Figure 3.2. User, Task and Tool in an E-Learning Context, defined according to CLT. The goals of the tool are related to the three types of cognitive load. [105]

The second model, shown in Figure 3.2, integrated the CLT concepts into the usability concepts. It described that the relationship between the learner and the educational software. CLT defines the user as a learner and the task as learning. Learners need to finish the task though using the educational software. If learners can use the software to finish a task successfully, they should be able to construct new schema after finishing the task. The goal of educational

software is to adapt the Intrinsic Cognitive Load, to reduce the Extraneous Cognitive Load and to foster the Germane Cognitive Load, through assigning tasks to users. Hence, when designing educational software, providing facilities following the best practice instructional design guidance from education

research results is essential. By providing the appropriate level of worked examples as tasks, learners should be able to finish the task successfully to adapt Intrinsic Cognitive Load under the designer expectation. Decreasing the Extraneous Cognitive Load can also be achieved through reducing the irrelevant learning of using the software by making the software easy to use. When

evaluating tool usability , traditional HCI evaluation methods to evaluate the learner user interface can be applied.[105]

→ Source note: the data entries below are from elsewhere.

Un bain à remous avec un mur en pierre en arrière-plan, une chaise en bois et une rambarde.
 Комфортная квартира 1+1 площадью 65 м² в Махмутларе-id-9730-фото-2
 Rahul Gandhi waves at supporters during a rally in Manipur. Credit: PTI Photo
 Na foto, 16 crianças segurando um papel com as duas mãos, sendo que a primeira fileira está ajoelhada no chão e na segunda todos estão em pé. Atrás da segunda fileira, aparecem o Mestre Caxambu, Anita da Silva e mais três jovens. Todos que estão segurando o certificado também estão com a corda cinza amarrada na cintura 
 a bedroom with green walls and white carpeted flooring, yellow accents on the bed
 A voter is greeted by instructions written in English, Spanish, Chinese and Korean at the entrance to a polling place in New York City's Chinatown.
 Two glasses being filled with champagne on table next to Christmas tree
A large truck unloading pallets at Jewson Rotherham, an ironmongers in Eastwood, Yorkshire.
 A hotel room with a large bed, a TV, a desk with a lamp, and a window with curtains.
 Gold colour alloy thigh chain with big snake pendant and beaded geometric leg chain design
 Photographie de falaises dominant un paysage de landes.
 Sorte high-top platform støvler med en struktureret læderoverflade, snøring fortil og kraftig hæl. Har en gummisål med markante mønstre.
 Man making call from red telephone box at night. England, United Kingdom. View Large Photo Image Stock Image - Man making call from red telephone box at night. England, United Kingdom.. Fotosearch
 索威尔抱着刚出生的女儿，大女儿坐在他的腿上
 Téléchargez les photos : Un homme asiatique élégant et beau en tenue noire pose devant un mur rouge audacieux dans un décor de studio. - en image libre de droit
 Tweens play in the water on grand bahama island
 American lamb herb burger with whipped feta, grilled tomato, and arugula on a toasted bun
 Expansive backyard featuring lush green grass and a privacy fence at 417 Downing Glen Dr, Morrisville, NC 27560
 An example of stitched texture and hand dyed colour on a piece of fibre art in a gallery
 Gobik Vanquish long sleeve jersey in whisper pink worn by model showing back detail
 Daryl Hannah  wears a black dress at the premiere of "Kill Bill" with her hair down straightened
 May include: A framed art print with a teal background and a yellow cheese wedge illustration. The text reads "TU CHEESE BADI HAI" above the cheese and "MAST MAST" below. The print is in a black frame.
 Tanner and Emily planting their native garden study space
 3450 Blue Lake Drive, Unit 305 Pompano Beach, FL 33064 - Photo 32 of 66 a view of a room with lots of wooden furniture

To summarise, when initially designing educational software, attention should be paid to designing an intuitive user interface for students. This kind of easy to learn and use interface can reduce the factors which could increase Extraneous Cognitive Load for learners. When evaluating the usability of educational

software, attention should be paid to whether the students can engage with the contents as the designers expect or predict. The usability of the user interface needs to be good enough to be operated by learners; otherwise they may stop using it. However, it is less important to provide a highly usable interface for

teachers, as they can tolerate a sufficiently usable user interface to achieve their objective, if they are highly motivated. Later on, attention can be paid on improving the user interface for the teacher.

Based on the discussion above, the strategy of evaluating IWE can be described below, with the aim of answering the research questions:

 For teacher users, usability evaluation should be qualitative. It should focus on proving the concept, which means the teacher user should be able to create and modify interactive worked examples by using this authoring environment. A usage experience report is required that identifies the problems during the process of creating and adapting worked examples. The teacher must be aware of expected Intrinsic Cognitive Load before creating worked examples, which means that the designed worked examples need to match the students’ previous

experience. The authoring environment must provide the means for the teacher to achieve instructional designs by reducing the Extraneous Cognitive Load, and fostering Germane Cognitive Load.

 For student users, usability evaluation should focus on finding the

evidence from looking at the users’ log traces. Students’ feedback about worked examples can be another resource to identify whether the level of Intrinsic Cognitive Load is appropriate or not. All evidence aims to

demonstrate delivered interactive worked examples are useable and useful to students. It also needs to measure the satisfaction with using this tool to ensure the Extraneous Cognitive Load is being minimised.  For both teacher and student users, usability evaluation should focus on

the utility of feedback, for example, how to apply the feedback to adapt the Intrinsic Cognitive Load, which needs to be processed by the students. The aim is to evaluate whether the teacher can take action to modify the worked examples based on students’ feedback or create new examples dynamically for the ongoing course progression.